ICO tries ‘softy, softly’ audit plan

Businesses are being urged to open their doors to staff from the Information Commissioner’s Office who will provide onsite advice on data protection issues and give them a detailed report on any changes that are needed.
Louise Webb, head of good practice at the ICO, said the watchdog had begun operating a new advisory service as an alternative to a full-scale data protection audit – in what has been described as the ICO’s “softly, softly” approach.
Earlier this week, it emerged that the UK’s data protection regime was one of the most lenient in Europe, enabling it to focus “on persuasion rather than punishment to achieve greater data privacy compliance”. By comparison the likes of France, Germany and Spain take a far more “aggressive approach to enforcement”.
However, the ICO Christopher Graham (pictured) is also calling on Parliament to give his office extra powers to carry out on-the-spot audits – so-called data raids – on repeat offenders.
Webb said full-scale audits were often too detailed for all but the largest of firms and said the new service would help smaller organisations to improve their understanding.

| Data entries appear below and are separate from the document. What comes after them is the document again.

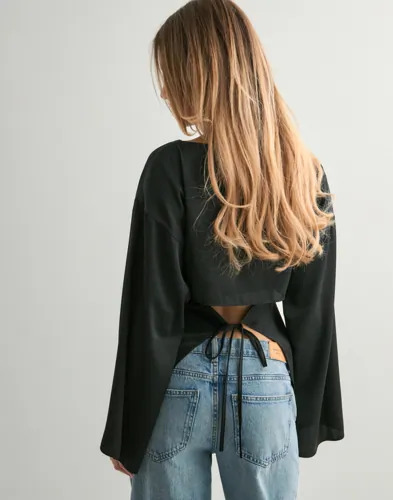 Nelly Svart Sassy Satin Blouse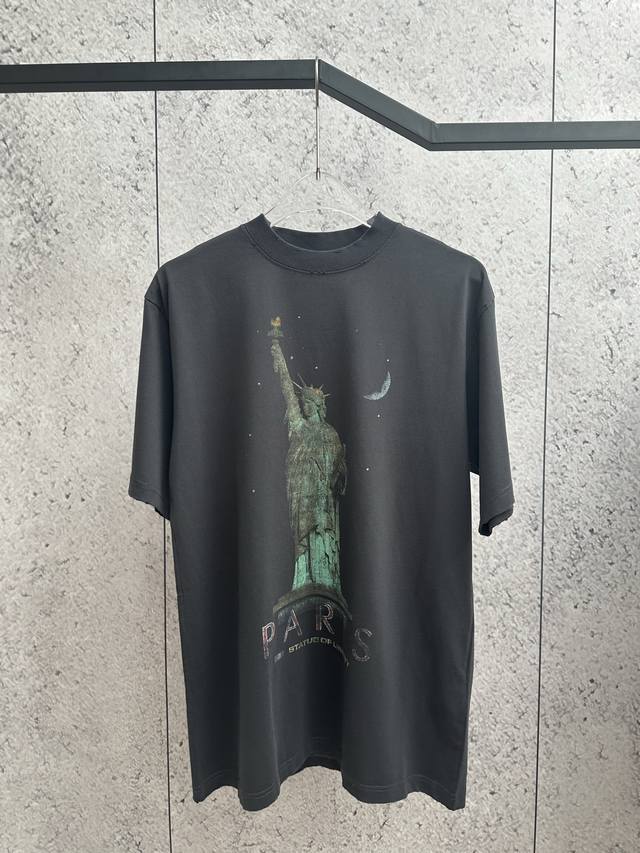 Blcg 自由女神神像短袖T恤 洗水灰配色 男女同款 尺码Xs S M L Xl全码现货供应 工艺说明：采用16支单纱水洗后240克重100%定织定染纯棉面料
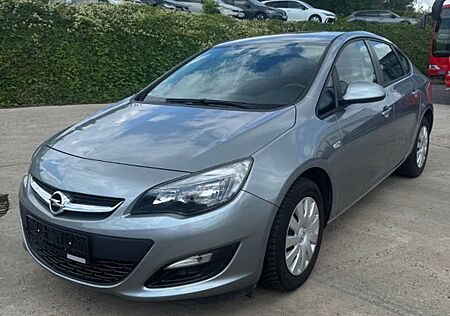 Opel Astra 1.6 85kW Stufenheck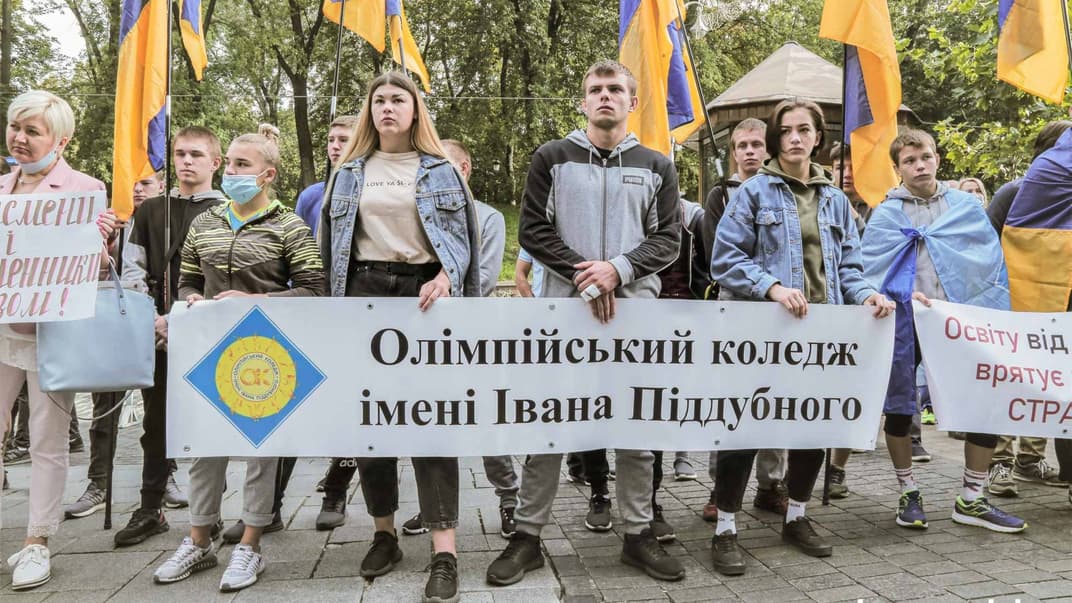 Студенти Олімпійського коледжу імені Івана Піддубного під Кабінетом міністрів, 25 вересня 2020 року
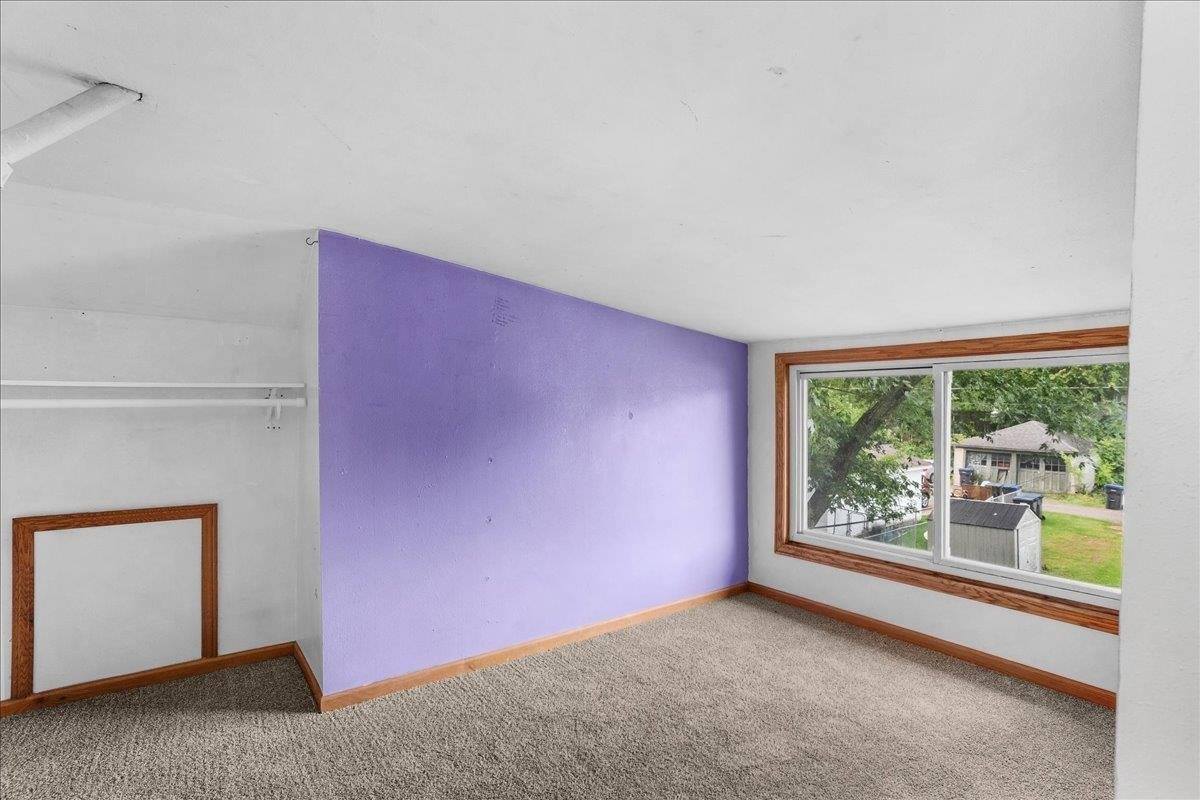 906 S Ash Avenue, Marshfield, WI 54449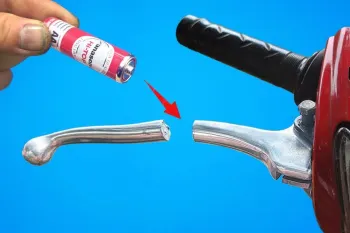 نحوه تعمیر دسته ترمز شکسته موتور سیکلت با یک عدد باتری قلمی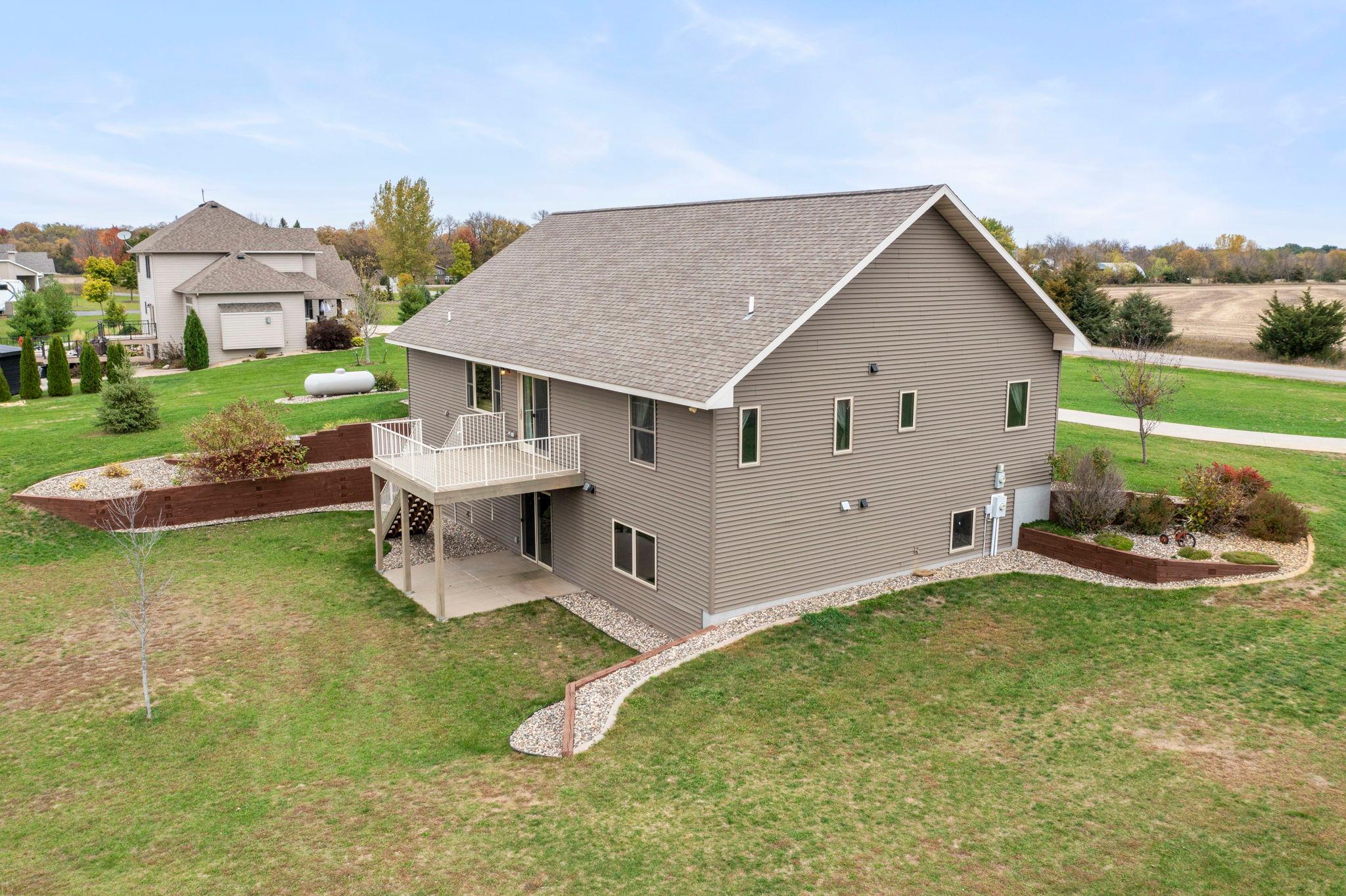 main property photo 80
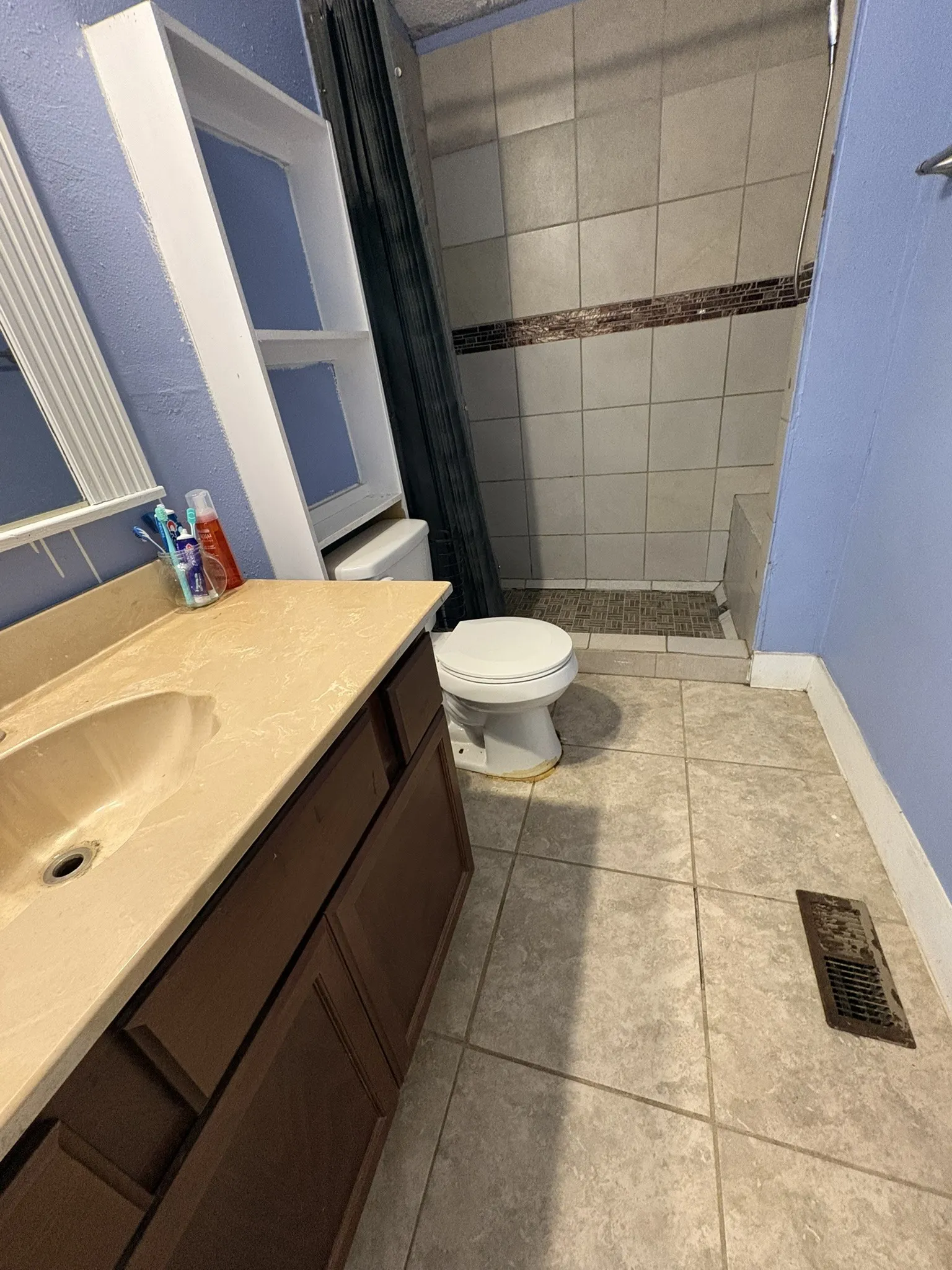 Mobile Home For Sale in Ellis County , 720 Bluebonnet Lane, Palmer, Texas 75152, 3 Bedroom, 2 Bathroom, Garage spaces, 1,600 Sqft, built in 2019, Preowned, Price $230,000, mls#21253513, Real Estate Agent in Palmer, Homes For Sale in Ellis county, Homes For Sale in Palmer, Realtor in Palmer Texas, Real Estate Brokerage Independent Realty Texas, Luminita Cordes Realtor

Under the new service a member of the ICO’s good practice team will visit organisations “to see what they do with data and how they do it”. The service is targeted at small and medium sized organisations that process significant volumes of personal data or sensitive personal data, she said.
Webb said: “During the visits we identify what organisations are doing well and what they need to improve and provide practical recommendations and suggestions to put things right. On the day, we focus on areas such as security, records management and requests for personal data and the visits are also flexible enough to provide an opportunity to ask us questions.”
The service is free, and at the end the team produce a short report which summarises what to do next.
Webb admitted that the ICO has struggled to convince organisations of the benefits of agreeing to let it conduct data protection audits despite committing not to fine businesses for problems they find during the course of an audit, making the process more transparent and better targeting where to investigate.